▶ [WHAT YOU WILL DO]: Please transcribe the data that follows, keeping every line exact.

▶ [RECORDS SHOWN]:
----

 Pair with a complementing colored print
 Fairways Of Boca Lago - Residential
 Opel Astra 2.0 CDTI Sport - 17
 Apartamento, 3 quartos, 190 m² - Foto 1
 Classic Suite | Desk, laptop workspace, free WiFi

----

▶ [YOUR RESPONSE]:
 Pair with a complementing colored print
 Fairways Of Boca Lago - Residential
 Opel Astra 2.0 CDTI Sport - 17
 Apartamento, 3 quartos, 190 m² - Foto 1
 Classic Suite | Desk, laptop workspace, free WiFi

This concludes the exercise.